After months of crawling the internet to find any information she could, the woman unknowingly happened upon one of the biggest care facility giants in California. This man, the owner of the facility where her mother died, currently owns the most nursing homes of anyone in the state, totaling nearly 100 and counting.
You would think that with so many facilities tied to his name, it would be fairly easy to find out who he is and what he's all about. Not so fast. The ownership web is just as tangled as the web of care standards for these nursing homes, maybe even more so.
CONFUSION PERSISTS IN THE MAZE OF OWNERSHIP
The aforementioned ‘giant' oversees facilities that when compared against one another, experience more complaints and deficiencies than most others in California.

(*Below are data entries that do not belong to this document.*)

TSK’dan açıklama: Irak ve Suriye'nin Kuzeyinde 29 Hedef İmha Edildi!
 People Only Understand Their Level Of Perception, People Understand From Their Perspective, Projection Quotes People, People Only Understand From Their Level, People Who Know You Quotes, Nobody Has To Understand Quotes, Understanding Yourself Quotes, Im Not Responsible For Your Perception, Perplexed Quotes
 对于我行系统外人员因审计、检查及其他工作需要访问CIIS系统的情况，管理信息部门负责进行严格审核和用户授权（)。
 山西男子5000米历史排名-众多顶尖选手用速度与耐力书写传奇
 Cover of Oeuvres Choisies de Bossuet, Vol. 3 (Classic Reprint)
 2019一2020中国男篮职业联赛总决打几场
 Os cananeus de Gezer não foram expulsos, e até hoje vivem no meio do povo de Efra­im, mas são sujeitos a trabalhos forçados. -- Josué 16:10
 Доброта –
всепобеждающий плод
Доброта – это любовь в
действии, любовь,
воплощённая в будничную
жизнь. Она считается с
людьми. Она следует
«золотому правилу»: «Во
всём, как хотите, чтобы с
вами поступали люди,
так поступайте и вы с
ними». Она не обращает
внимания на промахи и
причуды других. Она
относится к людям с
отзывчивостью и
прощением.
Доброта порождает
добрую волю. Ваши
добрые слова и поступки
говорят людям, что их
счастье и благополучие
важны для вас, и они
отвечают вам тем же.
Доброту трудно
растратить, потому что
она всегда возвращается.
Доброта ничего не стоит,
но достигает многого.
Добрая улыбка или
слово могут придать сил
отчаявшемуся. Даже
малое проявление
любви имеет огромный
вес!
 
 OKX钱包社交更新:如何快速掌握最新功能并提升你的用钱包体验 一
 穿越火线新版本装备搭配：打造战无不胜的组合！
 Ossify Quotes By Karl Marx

And his inability to actually be linked to his nursing homes is merely a sampling of the confusion that exists in other facilities throughout the state.

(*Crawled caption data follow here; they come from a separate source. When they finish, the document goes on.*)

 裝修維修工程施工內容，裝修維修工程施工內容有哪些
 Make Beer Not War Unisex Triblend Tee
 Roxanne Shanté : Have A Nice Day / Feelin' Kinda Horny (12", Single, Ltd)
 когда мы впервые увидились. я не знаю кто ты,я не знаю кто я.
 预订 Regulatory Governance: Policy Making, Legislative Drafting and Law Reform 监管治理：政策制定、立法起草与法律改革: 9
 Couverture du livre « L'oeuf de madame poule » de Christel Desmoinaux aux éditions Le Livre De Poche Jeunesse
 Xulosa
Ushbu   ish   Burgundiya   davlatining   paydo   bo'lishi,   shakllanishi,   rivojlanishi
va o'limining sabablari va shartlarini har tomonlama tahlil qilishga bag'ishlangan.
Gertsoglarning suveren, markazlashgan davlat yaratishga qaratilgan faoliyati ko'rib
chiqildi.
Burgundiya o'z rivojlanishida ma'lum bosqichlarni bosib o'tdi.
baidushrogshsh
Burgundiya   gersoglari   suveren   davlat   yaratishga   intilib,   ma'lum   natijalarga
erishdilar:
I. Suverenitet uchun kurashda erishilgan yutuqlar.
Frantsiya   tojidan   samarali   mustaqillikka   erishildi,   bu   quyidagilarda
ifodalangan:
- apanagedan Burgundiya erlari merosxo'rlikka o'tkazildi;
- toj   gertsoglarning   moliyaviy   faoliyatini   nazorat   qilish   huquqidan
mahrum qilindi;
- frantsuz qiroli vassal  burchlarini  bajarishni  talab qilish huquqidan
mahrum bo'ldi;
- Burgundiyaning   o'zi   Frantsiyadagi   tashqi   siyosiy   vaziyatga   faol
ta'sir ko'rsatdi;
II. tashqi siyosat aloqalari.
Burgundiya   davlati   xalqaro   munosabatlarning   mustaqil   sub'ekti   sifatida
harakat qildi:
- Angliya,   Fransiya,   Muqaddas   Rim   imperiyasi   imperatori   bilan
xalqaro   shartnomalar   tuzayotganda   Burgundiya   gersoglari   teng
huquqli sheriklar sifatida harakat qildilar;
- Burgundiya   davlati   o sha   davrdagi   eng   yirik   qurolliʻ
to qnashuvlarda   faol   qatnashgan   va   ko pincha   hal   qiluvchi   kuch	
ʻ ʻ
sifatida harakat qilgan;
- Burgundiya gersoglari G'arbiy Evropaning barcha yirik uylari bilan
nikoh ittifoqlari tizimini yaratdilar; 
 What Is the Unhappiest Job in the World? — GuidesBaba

The question remains – who owns what? And how is the average consumer supposed to make any headway in answering this question?
One of the most maddening aspects of the puzzle is that the confusion appears to be intentional. By consistently muddying the waters, owners are afforded the chance to stay hidden when problems and lawsuits emerge over their care facilities. Blame shifting clearly abounds.
Although the Affordable Care Act was modified in an effort to create new reporting requirements for facility owners, progress in this arena has been slow. It could realistically take years, even decades, to untangle what has evolved through the ages.
THE MONEY IS WHAT MATTERS
From the actions of the owners of these nursing home chains, it is clear that one thing is in their thoughts-money. Months of research by the Sacramento Bee uncovered knowledge that is hard to swallow.
It is not uncommon for nursing home owners to set up separate corporations and names for each facility, even though they're all attached to the same owner. It's no wonder that consumers have a hard time trying to figure out who owns each facility. The Sacramento Bee compared the business model to a wheel, with dozens of different spokes connected to one sole individual.
Advocates for the owners of these facilities insist that this is the only way to do business. Nursing homes depend on Medicare reimbursements and funding and a hit to one facility could damage every single one in the wheel. Essentially, separate entities help to minimize risks as whole, say the legal teams of nursing homes.
Sure, nursing home owners may benefit, but consumers and patients certainly don't. Creating separate entities isn't the only illicit business practice – many large chains produce self-generated management companies to “oversee” their facilities, all while siphoning money out of the nursing homes.
These chains use made-up companies to offer the nursing home various services and then take that money from the nursing home for investors. In the end, care facilities are left without proper funding by the very individuals who bought them in the first place.
One woman interviewed by the Sacramento Bee plainly said that these corporations are paying themselves and “they have every incentive to pay as much as possible to their related companies, rather than to keep costs low.” When your related company is actually your own people, why wouldn't you shell out the big bucks?